Da qui, probabilmente, la crisi e la profonda trasformazione tuttora in corso nel settore della professione giornalistica (su cui incide anche l’evoluzione tecnologica e l’utilizzo del web come viatico immediato di notizie) e la scelta, in generale, di optare per un’informazione più morbida, senza grossi rischi, che privilegi notizie gossip e faccia leva sulla curiosità da pettegolezzo della maggior parte dei destinatari.

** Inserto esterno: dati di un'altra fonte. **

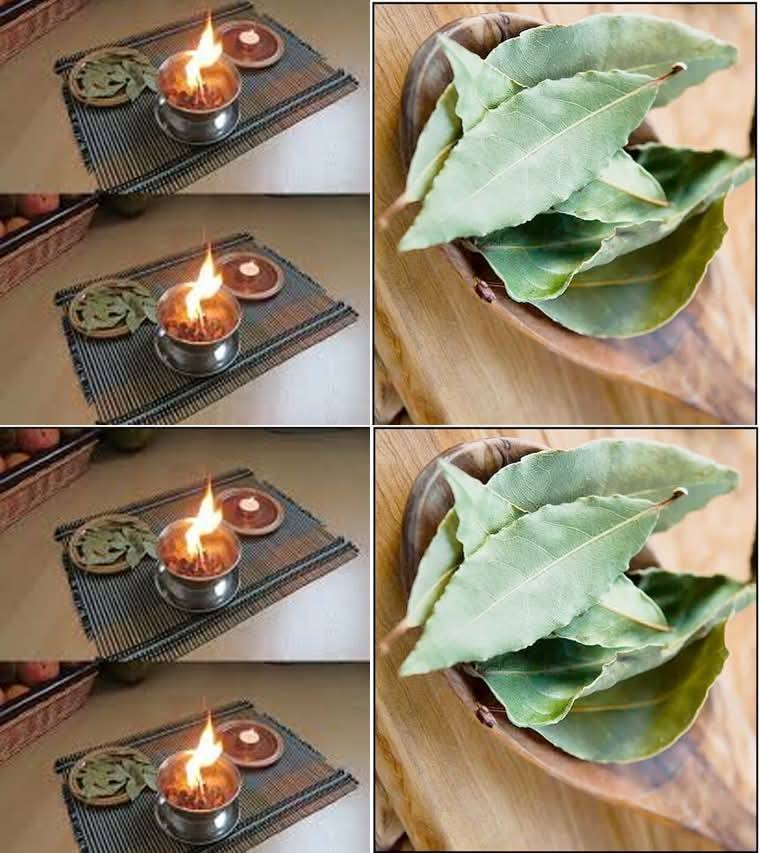 6 Incredible Benefits of Burning Bay Leaves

L’informazione va perdendo, così, il suo ruolo sociale, diventa sempre più un prodotto industriale, una forma di pubblicità perenne, aumenta la pluralità ma non la consistenza (non c’è una reale conoscenza della notizia), non si riesce più a distinguere tra comunicazione e informazione e cambia finanche la figura del giornalista, più tecnico che scrittore, più omologato che indipendente e, conseguentemente, il suo rapporto con il territorio. Si è meno incline a scavare, ad ascoltare e a confrontarsi e più, invece, a scegliere, mediare e interpretare le notizie direttamente on-line. Con il rischio di passare per “giornalai” più che per “giornalisti” perché manca il reale approfondimento, quel “morso in più” di cui parla Don Ciotti a proposito di Giovanni Spampinato e del giornalismo d’inchiesta, quell’impegno misto a “qualcosa in più” che è tipico di chi ama incondizionatamente la propria terra e si batte quotidianamente per la “Verità” e la “Libertà” di informazione.
Ritornando a dove siamo partiti e, cioè, al convegno e a Giovanni Spampinato, è d’obbligo allora una riflessione. La sua morte (come quella di altri colleghi che hanno preceduto o seguito il suo esempio), alla luce di quanto abbiamo detto finora, è valsa a qualcosa? Perché evidentemente siamo un po’ lenti a capire. Ci sono voluti ben 35 anni, due premi prestigiosi (premio S.Vincent di giornalismo nel 2007 e premio Mario Francese) e l’attività irrefrenabile e certosina del fratello (attraverso convegni, articoli, interviste,iniziative) per riabilitare la figura di questo “vivace” cacciatore di notizie e riconoscerne il valore di cittadino impegnato e professionista zelante. Ora è tempo che ognuno di noi faccia la sua parte. Tocca alla popolazione iblea, quella onesta e cristiana, almeno, continuare a promuovere la sua figura e il suo lavoro, perché essa ha il dovere e la responsabilità morale di coltivarne la memoria e di trasmetterla alle nuove generazioni, affinché l’amore per la verità e l’ansia di giustizia siano ancora e sempre valori fondanti del nostro modo di vivere la vita, prima ancora da cittadini consapevoli che da giornalisti indignati.